I recently read the article “What I learned getting acquired by Google” by Shreyans Bhansali. Shreyans wrote
On the other hand there was the discovery that most Search improvements are manually reviewed by engineers through ‘side-by-side’ comparisons between old and new results…on spreadsheets!
The above quote reminded of how hard, and often understated, quality assurance (QA) in AI/ML systems is. Each change to a model needs to be validated, and validation is hard and cumbersome. Also, the fact that models can have a freshness does not help - that means that quality assurance must be done continuously and treated as a service level.
To make my case, I thought I could share a tale about a classification system I used to work on a bit.
A tale Link to heading
At a former employer we had a system that categorized a stream of financial transactions using ML. For example, “MacDonald’s” was categorized as “Restaurant”, and “H&M” was categorized as “Clothing”, etc. If we were uncertain, we set the category “Uncategorized”. The users could adjust incorrectly categorized transactions if they were wrong. Our goal was to measure the accuracy of how well these categories were applied by the ML model.
Was this category (in)correct?
Initially, we considered to ask for explicit feedback (“Was this category correct?”) from the user in the UI. However, we concluded that we did not want to make our UX bloated. We asked ourselves, can we somehow figure out whether our classification is accurate without changing our UX?
Our first iteration was a service level based on the ratio between the “number of manual corrections” and “total categorizations”. This did not work very well for two big reasons: Partially because it varied immensely between users and how eager they were to adjust incorrectly categorized data or not. But mostly because a lot of users were only adjusting the categories when they had bought something different in a store; ie. buying “makeup” from “H&M” instead of “Clothing”. This made our numbers look much worse than they were! We did not get any positive feedback on the correct classifications.
Our next take was to not categorize 1% of all financial transactions to force our users to set the correct category. When they did set it, we compared what they set against what our model would have guessed. Our service level was defined as the “number of adjustments that matched our ML model’s guess” divided by the “total number of adjustments”.
Randomly not categorising 1% of all financial transactions was a good idea! But it turned out to have a surprising backlash from users; They perceived our classification as accuracy having become significantly worse:
“Why are you unable to categorize ‘McDonalds’?? C’mon, I expect better from your product!
It turns out, we were not classifying some of the things we were certain about. Could we do better?
We were lucky that our ML could spit out a certainty measure for our classification between [0,1]. We started using the probability of skipping categorizing a transaction based on the inverse of that certainty. That meant “McDonald’s”, having a high certainty, was rarely skipped anymore. Good!
Instead of certainty, the inverse frequency could have been a different factor to use to avoid common descriptions being randomly skipped. As far as I know, we never pursued that approach.
Through a series of events, our business pivoted and started having customers using our classification API and presenting the result in a UI of their own. Since the customers could not always adjust incorrect categories in the UI, we had to resort to manual quality assurance instead where people would sit and verify that categories were correctly identified. This also made it hard for us to treat ML accuracy as a service level. We instead had to do more quality assurance before release time. Unfortunately that lead to longer iteration cycles for new models, but at least we knew we could trust the data fairly well.

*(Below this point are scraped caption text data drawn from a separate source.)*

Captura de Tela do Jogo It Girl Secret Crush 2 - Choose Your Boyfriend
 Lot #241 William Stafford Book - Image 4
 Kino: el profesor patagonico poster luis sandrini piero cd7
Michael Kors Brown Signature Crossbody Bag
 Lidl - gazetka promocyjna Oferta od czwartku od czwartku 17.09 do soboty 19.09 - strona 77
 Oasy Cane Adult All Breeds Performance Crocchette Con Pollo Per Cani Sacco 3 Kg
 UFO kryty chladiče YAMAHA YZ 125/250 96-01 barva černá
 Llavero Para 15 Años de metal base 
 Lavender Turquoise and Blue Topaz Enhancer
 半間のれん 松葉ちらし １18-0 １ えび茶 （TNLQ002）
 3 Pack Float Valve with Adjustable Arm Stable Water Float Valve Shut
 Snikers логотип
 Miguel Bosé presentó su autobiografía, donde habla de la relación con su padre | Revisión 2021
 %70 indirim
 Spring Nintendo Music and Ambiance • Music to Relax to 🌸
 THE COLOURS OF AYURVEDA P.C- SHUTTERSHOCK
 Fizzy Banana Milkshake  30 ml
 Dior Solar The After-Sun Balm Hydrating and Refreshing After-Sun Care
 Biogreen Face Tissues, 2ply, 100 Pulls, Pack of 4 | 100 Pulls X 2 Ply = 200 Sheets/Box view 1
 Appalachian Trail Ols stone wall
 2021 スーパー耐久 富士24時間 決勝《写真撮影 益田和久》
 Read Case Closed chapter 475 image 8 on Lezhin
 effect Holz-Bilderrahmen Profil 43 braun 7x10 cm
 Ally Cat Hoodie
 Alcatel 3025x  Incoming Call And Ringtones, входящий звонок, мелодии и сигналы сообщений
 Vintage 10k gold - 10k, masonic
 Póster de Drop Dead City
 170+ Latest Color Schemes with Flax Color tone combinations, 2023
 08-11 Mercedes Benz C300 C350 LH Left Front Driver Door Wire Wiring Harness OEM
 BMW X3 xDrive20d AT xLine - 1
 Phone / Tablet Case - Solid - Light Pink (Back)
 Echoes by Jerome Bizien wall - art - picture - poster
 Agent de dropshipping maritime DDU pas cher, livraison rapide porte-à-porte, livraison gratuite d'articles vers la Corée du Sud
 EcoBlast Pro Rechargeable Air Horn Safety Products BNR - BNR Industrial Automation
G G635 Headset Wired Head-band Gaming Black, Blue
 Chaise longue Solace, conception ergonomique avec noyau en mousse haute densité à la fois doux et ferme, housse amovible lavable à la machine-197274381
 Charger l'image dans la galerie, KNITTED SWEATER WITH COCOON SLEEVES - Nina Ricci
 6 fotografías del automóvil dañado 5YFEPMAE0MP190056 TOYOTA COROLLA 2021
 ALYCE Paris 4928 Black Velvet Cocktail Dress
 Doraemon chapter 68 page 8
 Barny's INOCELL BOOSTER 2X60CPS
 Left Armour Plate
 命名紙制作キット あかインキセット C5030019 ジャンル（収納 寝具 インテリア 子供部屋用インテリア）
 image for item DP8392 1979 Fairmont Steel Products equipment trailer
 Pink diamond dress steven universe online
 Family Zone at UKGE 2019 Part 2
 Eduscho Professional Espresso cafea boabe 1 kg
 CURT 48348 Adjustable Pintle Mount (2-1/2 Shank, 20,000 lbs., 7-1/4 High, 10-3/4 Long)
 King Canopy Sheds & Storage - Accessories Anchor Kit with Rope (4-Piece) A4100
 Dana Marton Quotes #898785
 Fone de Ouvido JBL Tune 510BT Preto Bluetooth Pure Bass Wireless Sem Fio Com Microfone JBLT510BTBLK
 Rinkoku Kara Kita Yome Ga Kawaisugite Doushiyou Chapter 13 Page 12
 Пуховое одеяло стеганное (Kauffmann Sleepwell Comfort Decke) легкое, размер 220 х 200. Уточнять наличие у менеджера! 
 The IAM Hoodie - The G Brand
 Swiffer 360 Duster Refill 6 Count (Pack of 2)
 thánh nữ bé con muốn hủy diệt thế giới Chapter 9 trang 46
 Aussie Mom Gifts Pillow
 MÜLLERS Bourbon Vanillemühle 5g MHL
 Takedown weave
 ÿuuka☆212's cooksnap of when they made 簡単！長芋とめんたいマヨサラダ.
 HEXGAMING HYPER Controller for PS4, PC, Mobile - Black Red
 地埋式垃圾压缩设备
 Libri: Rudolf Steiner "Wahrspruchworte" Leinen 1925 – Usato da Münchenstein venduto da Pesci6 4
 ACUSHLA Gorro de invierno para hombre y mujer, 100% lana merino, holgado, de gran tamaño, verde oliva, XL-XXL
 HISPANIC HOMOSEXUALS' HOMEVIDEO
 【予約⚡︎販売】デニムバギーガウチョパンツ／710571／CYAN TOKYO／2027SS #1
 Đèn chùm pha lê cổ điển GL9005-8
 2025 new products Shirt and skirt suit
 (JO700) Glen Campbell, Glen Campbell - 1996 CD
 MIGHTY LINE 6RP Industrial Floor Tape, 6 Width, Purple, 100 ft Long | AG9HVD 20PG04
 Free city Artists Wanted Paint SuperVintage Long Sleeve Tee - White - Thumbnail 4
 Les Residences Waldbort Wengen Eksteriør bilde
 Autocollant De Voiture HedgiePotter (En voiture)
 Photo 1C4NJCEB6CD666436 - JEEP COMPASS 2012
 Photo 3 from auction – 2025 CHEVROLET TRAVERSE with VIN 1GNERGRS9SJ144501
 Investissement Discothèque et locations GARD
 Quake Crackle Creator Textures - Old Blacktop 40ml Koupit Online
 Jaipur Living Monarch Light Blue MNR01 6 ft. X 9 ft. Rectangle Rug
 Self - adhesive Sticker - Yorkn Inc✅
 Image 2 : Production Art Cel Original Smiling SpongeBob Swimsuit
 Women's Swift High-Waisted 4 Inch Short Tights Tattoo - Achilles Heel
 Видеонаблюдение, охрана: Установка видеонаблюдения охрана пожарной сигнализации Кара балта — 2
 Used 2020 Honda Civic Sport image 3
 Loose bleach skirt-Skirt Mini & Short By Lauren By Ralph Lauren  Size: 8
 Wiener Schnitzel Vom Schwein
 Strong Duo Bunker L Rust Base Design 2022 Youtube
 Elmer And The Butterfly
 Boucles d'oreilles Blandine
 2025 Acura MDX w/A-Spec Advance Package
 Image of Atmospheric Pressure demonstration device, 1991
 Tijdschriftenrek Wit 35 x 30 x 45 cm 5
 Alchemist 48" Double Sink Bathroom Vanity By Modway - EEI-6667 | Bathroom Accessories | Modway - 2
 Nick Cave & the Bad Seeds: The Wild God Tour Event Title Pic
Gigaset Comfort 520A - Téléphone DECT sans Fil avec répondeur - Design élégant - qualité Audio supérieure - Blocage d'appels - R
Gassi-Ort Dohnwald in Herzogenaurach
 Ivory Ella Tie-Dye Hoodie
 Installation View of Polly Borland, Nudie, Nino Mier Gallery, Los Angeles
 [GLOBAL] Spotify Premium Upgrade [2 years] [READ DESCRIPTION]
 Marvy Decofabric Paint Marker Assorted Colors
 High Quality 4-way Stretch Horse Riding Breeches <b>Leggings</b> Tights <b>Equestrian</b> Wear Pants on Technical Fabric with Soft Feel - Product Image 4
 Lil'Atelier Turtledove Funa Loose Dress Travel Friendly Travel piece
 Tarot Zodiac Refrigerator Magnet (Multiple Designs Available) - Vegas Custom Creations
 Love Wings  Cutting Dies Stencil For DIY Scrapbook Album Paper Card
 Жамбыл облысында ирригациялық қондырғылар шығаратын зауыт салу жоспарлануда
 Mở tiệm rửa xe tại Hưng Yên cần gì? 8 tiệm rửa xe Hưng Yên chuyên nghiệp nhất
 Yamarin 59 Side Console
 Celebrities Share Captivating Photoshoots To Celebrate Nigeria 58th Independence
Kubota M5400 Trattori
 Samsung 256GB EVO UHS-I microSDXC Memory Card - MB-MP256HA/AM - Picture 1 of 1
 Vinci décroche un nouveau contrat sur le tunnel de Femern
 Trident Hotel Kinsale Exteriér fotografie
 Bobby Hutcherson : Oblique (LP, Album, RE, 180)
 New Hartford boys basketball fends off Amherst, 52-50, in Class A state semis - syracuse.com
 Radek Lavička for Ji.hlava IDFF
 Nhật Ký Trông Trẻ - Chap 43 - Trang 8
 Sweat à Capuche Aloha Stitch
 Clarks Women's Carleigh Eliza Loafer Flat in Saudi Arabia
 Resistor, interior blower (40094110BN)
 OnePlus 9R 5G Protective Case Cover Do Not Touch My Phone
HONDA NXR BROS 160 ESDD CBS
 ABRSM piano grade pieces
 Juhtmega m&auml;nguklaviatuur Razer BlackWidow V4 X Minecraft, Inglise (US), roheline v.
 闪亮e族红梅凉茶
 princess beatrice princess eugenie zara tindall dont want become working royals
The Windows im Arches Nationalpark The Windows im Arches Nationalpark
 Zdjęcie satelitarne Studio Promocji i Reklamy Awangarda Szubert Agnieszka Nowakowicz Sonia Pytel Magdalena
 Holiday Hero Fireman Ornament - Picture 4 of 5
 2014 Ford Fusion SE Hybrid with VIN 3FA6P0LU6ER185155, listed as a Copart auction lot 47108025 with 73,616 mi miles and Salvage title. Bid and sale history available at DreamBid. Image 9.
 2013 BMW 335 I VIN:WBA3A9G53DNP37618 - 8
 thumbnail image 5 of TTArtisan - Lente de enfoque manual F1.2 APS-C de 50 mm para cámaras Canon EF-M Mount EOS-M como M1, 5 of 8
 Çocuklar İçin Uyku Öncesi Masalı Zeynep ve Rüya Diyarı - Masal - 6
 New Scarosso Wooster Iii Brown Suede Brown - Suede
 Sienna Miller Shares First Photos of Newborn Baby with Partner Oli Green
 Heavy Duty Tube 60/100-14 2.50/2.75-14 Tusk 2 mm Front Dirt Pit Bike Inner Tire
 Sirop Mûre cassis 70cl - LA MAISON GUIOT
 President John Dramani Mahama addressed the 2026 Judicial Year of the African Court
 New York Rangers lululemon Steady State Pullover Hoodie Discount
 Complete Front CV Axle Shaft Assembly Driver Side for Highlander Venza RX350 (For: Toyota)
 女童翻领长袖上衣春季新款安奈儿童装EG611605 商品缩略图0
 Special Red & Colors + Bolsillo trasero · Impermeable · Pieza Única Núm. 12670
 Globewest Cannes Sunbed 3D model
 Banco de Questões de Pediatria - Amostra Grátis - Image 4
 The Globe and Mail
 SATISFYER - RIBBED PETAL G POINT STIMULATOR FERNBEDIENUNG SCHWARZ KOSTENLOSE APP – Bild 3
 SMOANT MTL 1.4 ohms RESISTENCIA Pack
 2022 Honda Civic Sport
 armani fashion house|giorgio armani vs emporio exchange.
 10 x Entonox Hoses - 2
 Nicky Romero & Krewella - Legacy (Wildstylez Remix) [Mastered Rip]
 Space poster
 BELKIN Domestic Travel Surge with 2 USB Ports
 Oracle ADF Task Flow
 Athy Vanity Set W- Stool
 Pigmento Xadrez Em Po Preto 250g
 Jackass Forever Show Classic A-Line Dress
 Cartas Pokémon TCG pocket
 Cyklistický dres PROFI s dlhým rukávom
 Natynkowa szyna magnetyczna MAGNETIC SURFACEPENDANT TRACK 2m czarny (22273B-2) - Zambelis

On the topic of unit tests Link to heading
We did have unit tests in place for the descriptions of common financial transactions. And we were, over time, building up a suite of common descriptions and what they were supposed to match. However, there were a few problems with this:
- The freshness I mentioned at the beginning of this post was a problem; Unit tests grew old. “Grand Daddy’s house” was once a pizza in one part of Sweden and a clothing store in another part of Sweden a couple of years later. We had to update our unit tests.
- We ended up having different models for different countries/regions. Having unit tests for all of them didn’t scale. Plus, we did not know common merchants in all the regions - our company was mostly based out of Sweden.
- The whole idea with the ML model was that it was supposed to scale and us not doing all the manual classification!
In conclusion Link to heading
Measuring AI/ML model quality takes a lot of creativity bordering SRE practises (such as service levels, release strategies) and UX aspects - and there can be some fun surprises along the way. :) Sometimes, manual QA through something like Amazon’s Mechanical Turk is the easiest way to go about it, but if you can somehow build in feedback mechanisms through your UX that is usually much better to continuously measure service quality.
The customer is always right. Manual quality assurance will never be as accurate as the one from customers, but it might be good enough.